イタリアの次期総選挙は9月に前倒しされた。ナショナリストの野党指導者、ジョルジャ・メローニ氏が次期首相の最有力候補だとみられている。ドラギ氏は24日、総選挙を戦う各党に、イタリアの財政改革を継続するよう求めた。

欧州懐疑派を含む右派連合が躍進の観測

世論調査によれば、9月25日投票の総選挙で、右派連合の得票率は最大で50%と推定される。右派連合のなかで欧州連合(EU)に批判的な欧州懐疑派の各党は、EUから2000億ユーロの資金を得るために策定された復興計画の中身を見直し、これに伴う新たな競争法の制定のような改革も修正する構えをみせている。

ドラギ氏は「(新政権の)国内での信認は国際社会での信認と一体だ」と指摘した。

こうした不透明感の高まりに投資家が反応するなか、この数週間で、すでにイタリア国債は売られる傾向だ。10年物の利回りは年3.7%に上昇し、指標となるドイツ国債とのスプレッド(利回り差)は、年初の1.37%から2.3%に拡大した。

大手ヘッジファンドの運用担当者は、イタリアが経済状況の悪化に対して「最も脆弱な国になりそうだ」と指摘する。多くのファンドマネジャーがイタリアとドイツのスプレッドの拡大に着目し、イタリア国債の空売りが「広がっている」と説明する。

確認できた資料によると、英ヘッジファンド、CQSの創業者マイケル・ヒンツェ氏は今年、イタリア国債の空売りで利益を上げた。CQSにコメントを求めたが、回答はなかった。

イタリア国債の空売りはこれまで、大きな利益を投資家にもたらしたことがある。政治が混迷する時期が長く、発行残高が2兆3000億ユーロを超えるからだ。

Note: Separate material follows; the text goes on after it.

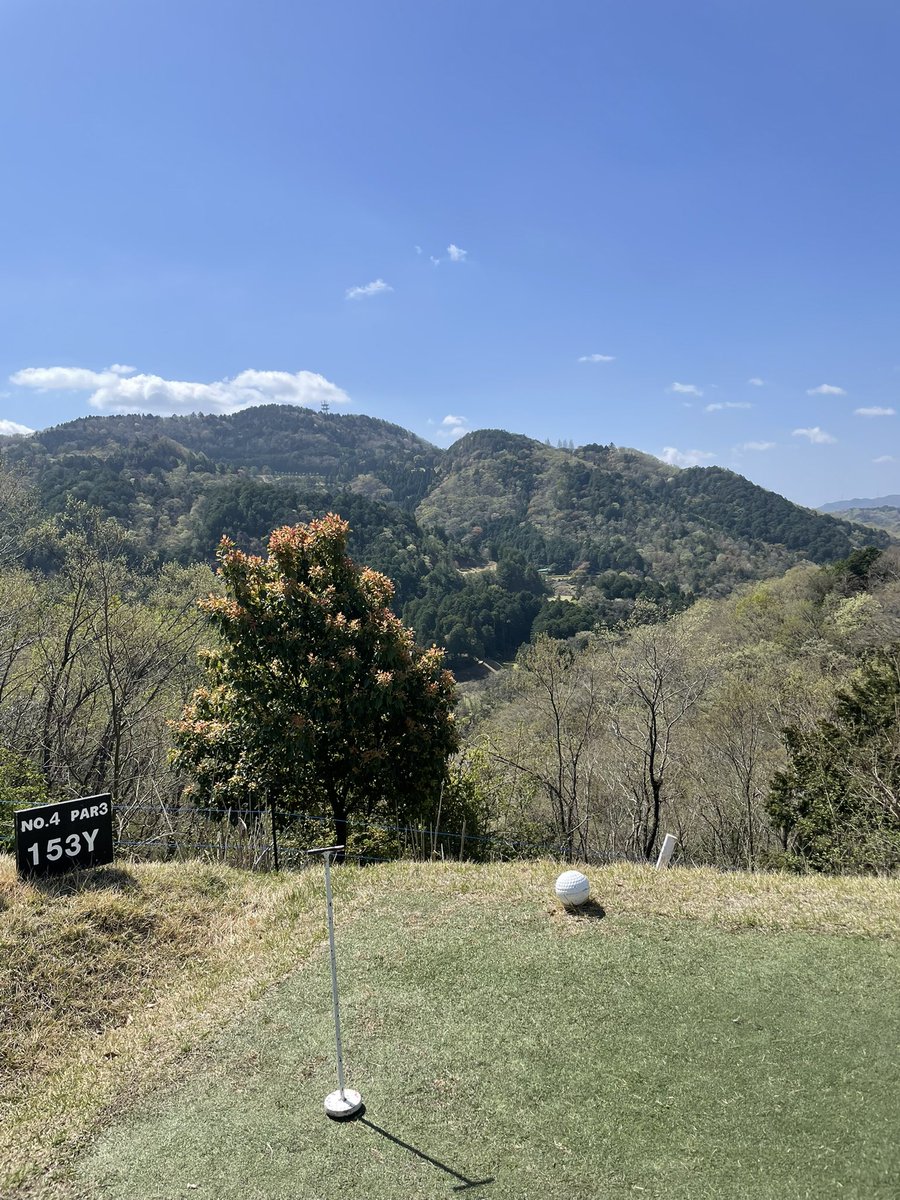 すぴか🥐🥐 tweet media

18年には、当時の連立政権が債務を積み上げ、EUとの関係を弱まるとの観測が市場に流れた。ヘッジファンドは空売りを、その時点でも金融危機後で最大の規模に膨らませ、英ブレバン・ハワード・アセット・マネジメントの共同創業者アラン・ハワード氏らが利益を得た。だが、金額も発行残高に対する比率も、ヘッジファンドの空売りの規模は18年の水準を上回る。今後の利回りの動向を巡る投資家の見方を映す。

新制度でも「ECBは買えない」

ECBが発表したトランスミッション・プロテクション・インスツルメント(TPI)が発動されれば利回りの上昇は抑えられると考え、空売りに慎重なファンドマネジャーもいる。TPIは、ユーロ圏の高債務国の借り入れコストがドイツをはじめとする主要国の水準を大きく上回らないようにするために導入された仕組みだ。

米ヘッジファンド、ノーベリー・パートナーズのデシオ・ナシメントCIOは「ECBとのチキンゲーム(度胸試し)のようだ」と話す。ナシメント氏はイタリア国債の空売りに手を出さない。

ブルーベイのダウディング氏は、TPIが空売りの抑止にたいして役立たないと考える。

ダウディング氏はECBが「イタリア国債を買えない」と言い切る。財政規律が欠落する国をECBが助けるというメッセージになるからだと、同氏は説明する。